Defendant Secretary of the Treasury has moved for dismissal of plaintiffs' complaint under Federal Rules of Civil Procedure (F.R.C.P.) 12(b)(6) for failure to state a cause of action. Defendant Director of Social Services has filed a motion pursuant to F.R.C.P. 12(c) or, alternatively a motion for summary judgment under F.R.C.P. 56, claiming that plaintiffs' complaint should be dismissed as a matter of law because it does not state a cause of action. Since the defendants' motions concern identical factual settings, the Court will treat both motions in this single opinion.

I. FACTS

The Aid to Families with Dependent Children ("AFDC") program establishes a fund to enable each state "to furnish financial assistance and rehabilitation and other services ... to needy dependent children and the parents or relatives" with whom they live. 42 U.S.C. § 601. The statute establishing this program provides that among the conditions of eligibility for aid, each applicant or recipient is required: "to assign the State any rights to support from any other person such applicant may have (i) in his own behalf or in behalf of any other family member for whom the applicant is applying for or receiving aid, and (ii) which have accrued at the time such assignment is executed." 42 U.S.C. § 602(a)(26). Presumably, this measure is to ensure that those owing child support will not avoid their obligation because of their families' participation in the AFDC. More importantly, by permitting the state to collect these payments, the AFDC program will be properly funded and its integrity and purpose maintained.

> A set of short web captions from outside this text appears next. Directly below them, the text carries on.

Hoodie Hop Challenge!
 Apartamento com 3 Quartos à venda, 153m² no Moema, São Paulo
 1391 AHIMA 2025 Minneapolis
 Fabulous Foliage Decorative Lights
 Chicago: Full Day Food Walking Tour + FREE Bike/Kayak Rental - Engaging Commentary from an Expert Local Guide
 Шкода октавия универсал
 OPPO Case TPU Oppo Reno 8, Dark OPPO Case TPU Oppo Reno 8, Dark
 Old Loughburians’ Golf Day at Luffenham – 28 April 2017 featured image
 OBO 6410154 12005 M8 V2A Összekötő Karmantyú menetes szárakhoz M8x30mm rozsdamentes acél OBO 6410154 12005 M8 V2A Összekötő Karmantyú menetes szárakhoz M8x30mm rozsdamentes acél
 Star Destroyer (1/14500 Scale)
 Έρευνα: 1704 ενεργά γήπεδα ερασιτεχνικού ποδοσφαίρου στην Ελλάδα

Although Congress intended that the states be responsible for the collection of child support payments, to facilitate state efforts Congress established methods to enable the states to utilize federal resources. See S.Rep. No. 93-1356, 93rd Cong., 2nd Sess., reprinted in 1974 U.S. Code Cong. & Adm.News 8133, 8150.1 One of these methods enables the state to receive the tax overpayment of a person owing child support to the state directly from the Internal Revenue Service. 42 U.S.C. § 664.2 The plaintiffs challenge the propriety of the collection of this property as well as the legitimacy of the procedures used by the Internal Revenue Service (IRS) and the State of Michigan in retaining plaintiffs' 1981 joint tax refund.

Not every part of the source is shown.